History never really leaves us – it stays with us in the form of monuments, each representing a part of a lost story. Maybe that’s the beauty of any historical place. It transports us to a time that we can only read and imagine through history books. But the problem with monuments are, they are cold and non-living.
It would have been amazing if there was some visible piece of life that was infused with different stories to tell. Especially, if the plant had actually faced something drastic that has shaped the entirety of later human lives. The Yamaki Bonsai has proven to be just that – a living artifact of history. And it has quite a tale to tell.
Many people forget that trees are much older than human beings. In fact, there is even one Bonsai tree that has lived to be 394-years-old. It was first planted into the earth in 1625 and is now located at the United States National Arboretum in Washington D.C. A bonsai master from Japan named Masaru Yamaki gave the bonsai tree to the United States as a gift in 1976. At the time, the National Arboretum did not realize that the tree had survived the Hiroshima bombing in 1945. Yamaki and his family were just two miles away from the area where the American military dropped the atomic bomb down, which resulted in the death of 140,000 Japanese people.
Fortunately, Yamaki and his family did not get injured or killed by the explosion. Furthermore, they kept the bonsai tree inside where it was safe with them. In 2001, the truth about the tree was finally revealed after the grandsons of Yamaki visited the tree at the National Bonsai & Penjing Museum. The museum doesn't typically advertise the history of the tree when you go there. However, you can now find its history of surviving Hiroshima on the museum's website (bonsai-nbf.org).

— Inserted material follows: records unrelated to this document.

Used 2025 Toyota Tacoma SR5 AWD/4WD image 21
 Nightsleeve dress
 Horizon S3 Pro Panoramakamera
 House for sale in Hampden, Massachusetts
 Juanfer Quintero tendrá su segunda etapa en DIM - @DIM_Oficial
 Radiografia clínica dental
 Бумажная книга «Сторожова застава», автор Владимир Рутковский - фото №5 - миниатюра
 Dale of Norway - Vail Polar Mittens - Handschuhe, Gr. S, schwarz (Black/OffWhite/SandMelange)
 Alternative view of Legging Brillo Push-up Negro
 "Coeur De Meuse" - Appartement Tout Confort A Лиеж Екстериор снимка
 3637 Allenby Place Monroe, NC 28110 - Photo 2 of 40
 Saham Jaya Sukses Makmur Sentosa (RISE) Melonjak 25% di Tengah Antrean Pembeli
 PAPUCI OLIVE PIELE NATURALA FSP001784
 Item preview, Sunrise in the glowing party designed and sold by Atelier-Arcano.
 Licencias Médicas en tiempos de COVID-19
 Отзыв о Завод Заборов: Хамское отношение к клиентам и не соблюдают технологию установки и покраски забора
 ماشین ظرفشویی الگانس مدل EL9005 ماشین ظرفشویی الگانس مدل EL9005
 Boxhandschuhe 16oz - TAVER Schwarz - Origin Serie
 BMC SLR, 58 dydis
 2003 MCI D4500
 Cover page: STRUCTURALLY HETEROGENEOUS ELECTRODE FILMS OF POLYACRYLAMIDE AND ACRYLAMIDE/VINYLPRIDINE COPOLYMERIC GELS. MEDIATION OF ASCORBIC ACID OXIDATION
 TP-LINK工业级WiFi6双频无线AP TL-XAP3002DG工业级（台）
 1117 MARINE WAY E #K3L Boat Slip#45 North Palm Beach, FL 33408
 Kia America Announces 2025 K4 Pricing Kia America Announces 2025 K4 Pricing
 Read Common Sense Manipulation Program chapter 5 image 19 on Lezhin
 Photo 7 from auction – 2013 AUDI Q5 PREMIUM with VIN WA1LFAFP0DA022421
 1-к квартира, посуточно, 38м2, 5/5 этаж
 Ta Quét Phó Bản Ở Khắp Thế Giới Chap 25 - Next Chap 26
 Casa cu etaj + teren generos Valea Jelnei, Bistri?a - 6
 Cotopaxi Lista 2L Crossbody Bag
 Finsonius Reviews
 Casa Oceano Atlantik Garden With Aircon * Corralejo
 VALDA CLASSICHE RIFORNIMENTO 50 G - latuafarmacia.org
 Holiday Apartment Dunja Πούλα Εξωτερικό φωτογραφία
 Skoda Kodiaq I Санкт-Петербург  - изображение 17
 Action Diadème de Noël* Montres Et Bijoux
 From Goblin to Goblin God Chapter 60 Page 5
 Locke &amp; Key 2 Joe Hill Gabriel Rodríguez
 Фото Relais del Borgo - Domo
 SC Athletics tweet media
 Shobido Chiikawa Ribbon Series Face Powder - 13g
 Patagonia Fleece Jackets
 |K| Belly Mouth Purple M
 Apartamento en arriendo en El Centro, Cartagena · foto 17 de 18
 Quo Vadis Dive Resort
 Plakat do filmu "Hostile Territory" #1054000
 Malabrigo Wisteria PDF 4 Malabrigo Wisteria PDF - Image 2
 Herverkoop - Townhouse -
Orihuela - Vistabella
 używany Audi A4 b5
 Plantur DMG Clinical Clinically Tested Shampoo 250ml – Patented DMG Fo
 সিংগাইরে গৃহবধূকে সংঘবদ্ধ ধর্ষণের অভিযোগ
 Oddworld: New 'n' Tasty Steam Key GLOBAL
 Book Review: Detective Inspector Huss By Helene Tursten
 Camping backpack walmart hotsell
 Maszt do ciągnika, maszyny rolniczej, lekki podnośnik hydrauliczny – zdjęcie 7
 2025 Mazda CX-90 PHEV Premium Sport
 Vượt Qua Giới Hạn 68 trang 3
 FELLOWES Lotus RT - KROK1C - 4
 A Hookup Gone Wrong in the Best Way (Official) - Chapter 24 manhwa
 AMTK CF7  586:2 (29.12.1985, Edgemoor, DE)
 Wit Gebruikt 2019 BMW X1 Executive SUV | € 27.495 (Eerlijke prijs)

In the year 1976, bonsai master Masaru Yamaki gifted this same bonsai to the United States. Now, it is housed in the U.S. National Arboretum in Washington D.C. Because it is a gift and a token of friendship that is present between the two counties, the museum did not add any information categorizing the bonsai as something special. Neither did they actually know the significant history behind it. It was only later in 2001, when the grandsons of Yamaki visited the museum that a whole new surprise was waiting to be heard.
They presented the intricate story behind the bonsai and how it had survived one of the greatest mass destruction events that had occurred in our world.